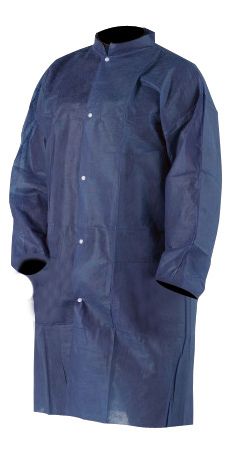 bezoekersjas pp blauw XXL 100st/doos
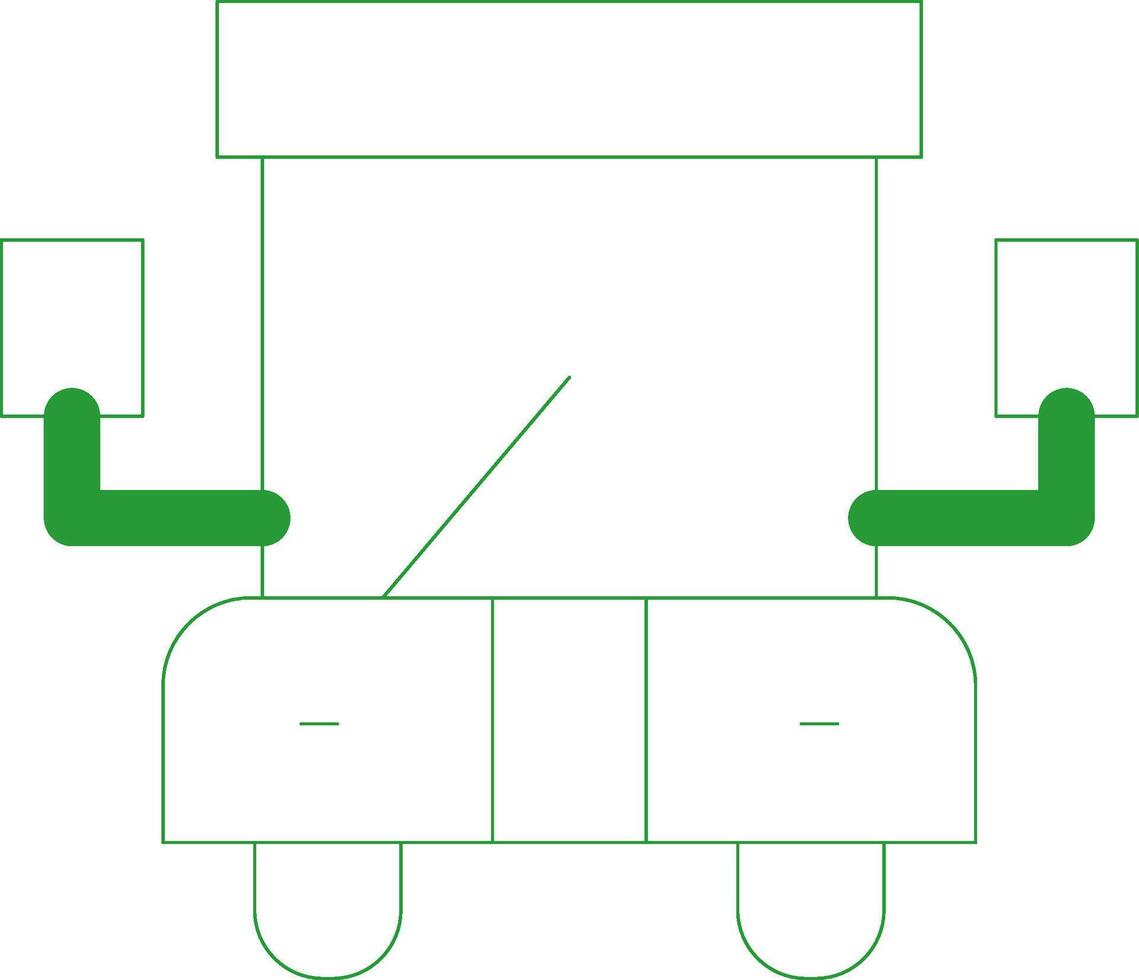 Line Green Gradient Design vector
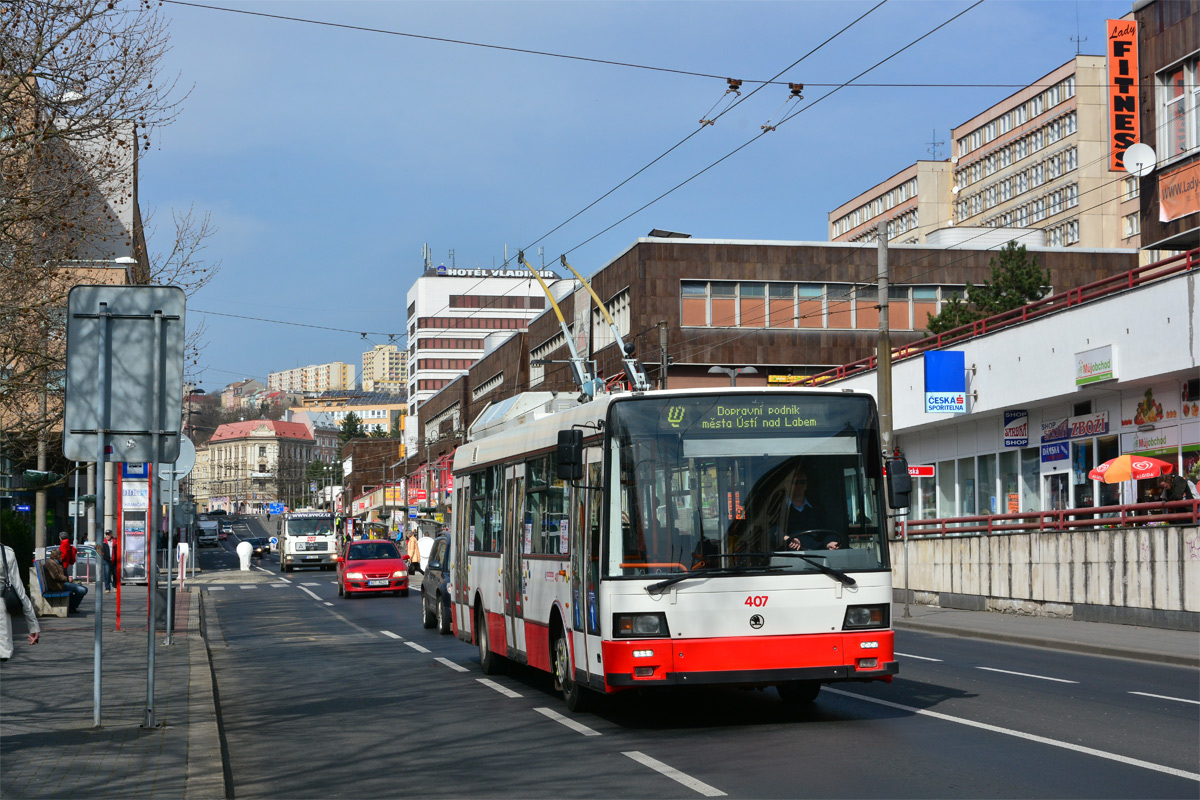 Ústí nad Labem, Škoda 21TrAC Nr. 407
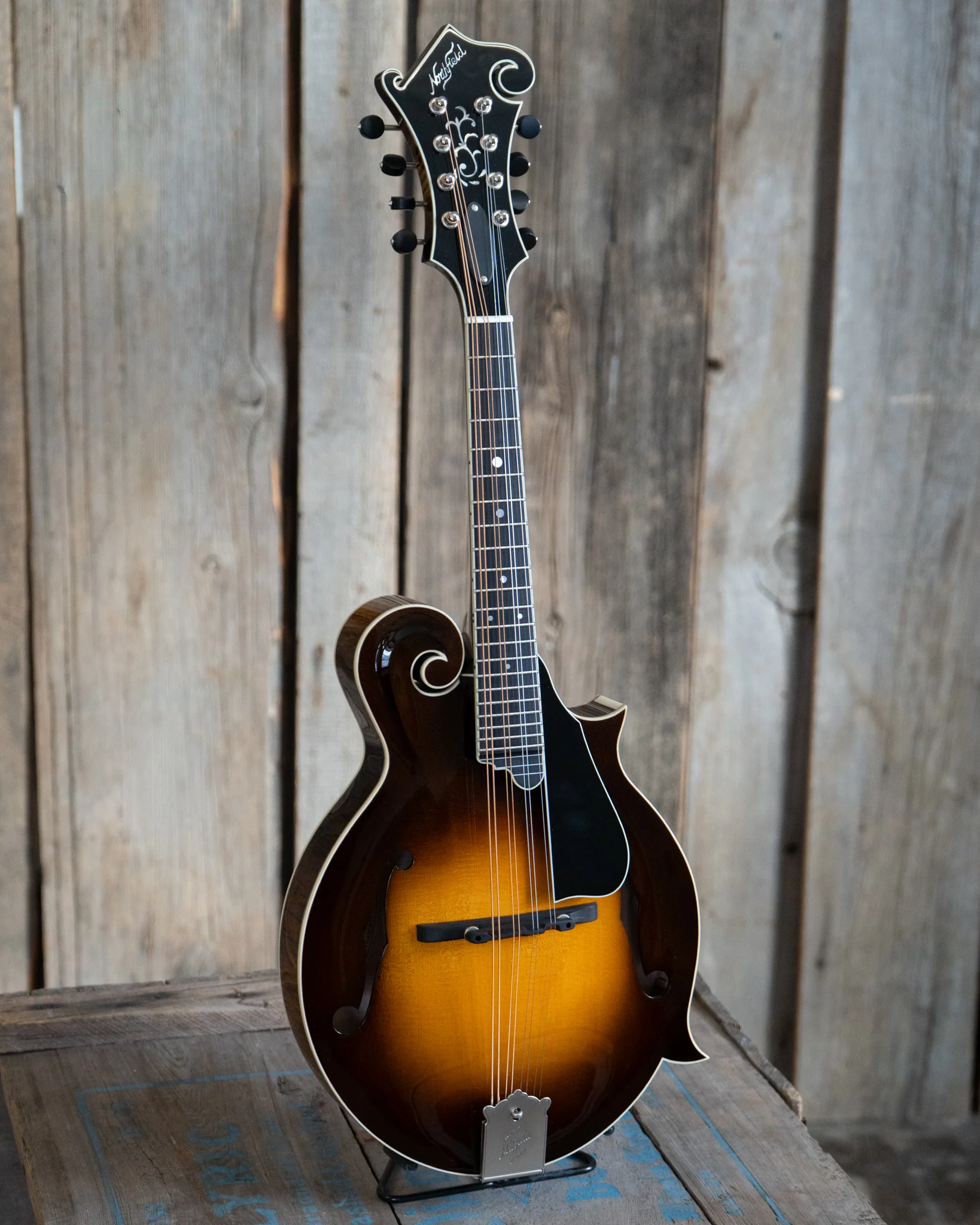 Northfield NFB-F5E Big Mon F-Style Mandolin & Case, Engelmann Top - Image 3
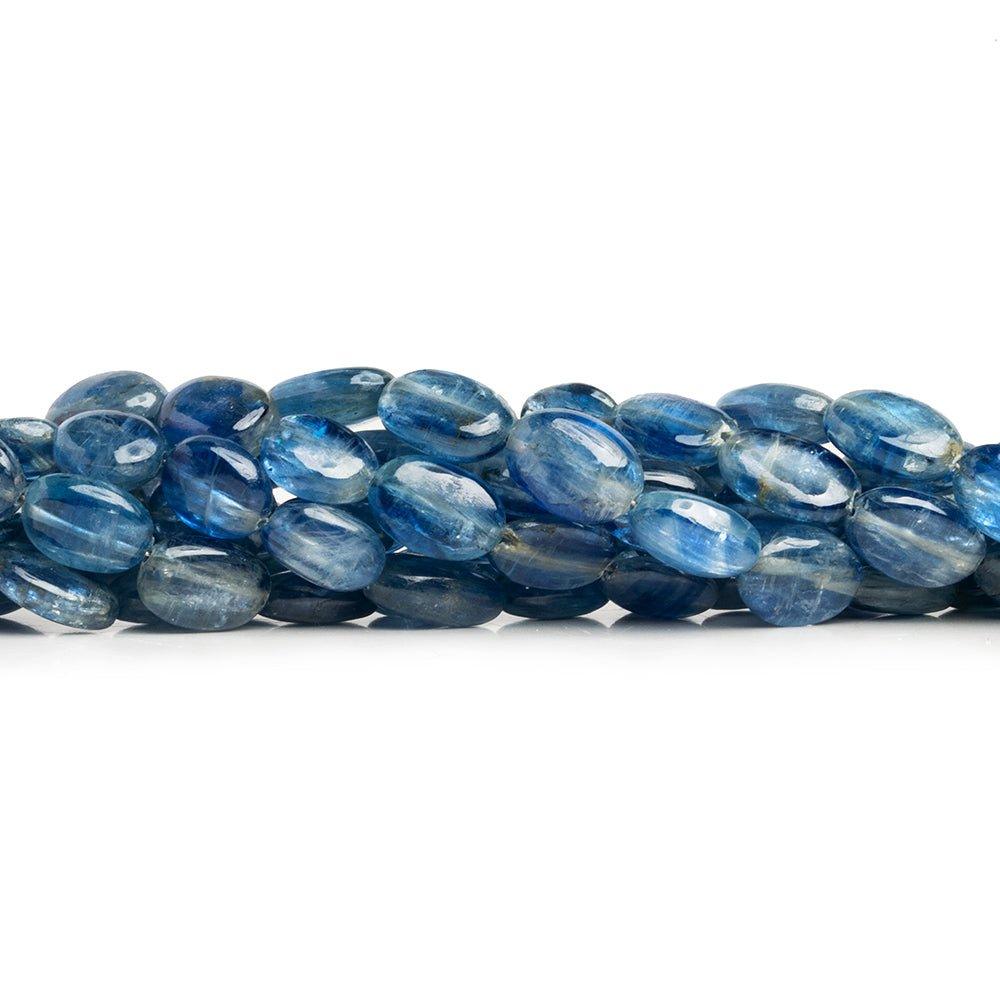 Light Blue Kyanite Plain Oval Beads 16 inch 45 pieces - The Bead Traders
◆ ◆ ◆ ◆ ◆
- _To do_
Write out the records above exactly as they stand, leaving out every picture.

- _Exercise solution_
 bezoekersjas pp blauw XXL 100st/doos
 Line Green Gradient Design vector
 Ústí nad Labem, Škoda 21TrAC Nr. 407
 Northfield NFB-F5E Big Mon F-Style Mandolin & Case, Engelmann Top - Image 3
 Light Blue Kyanite Plain Oval Beads 16 inch 45 pieces - The Bead Traders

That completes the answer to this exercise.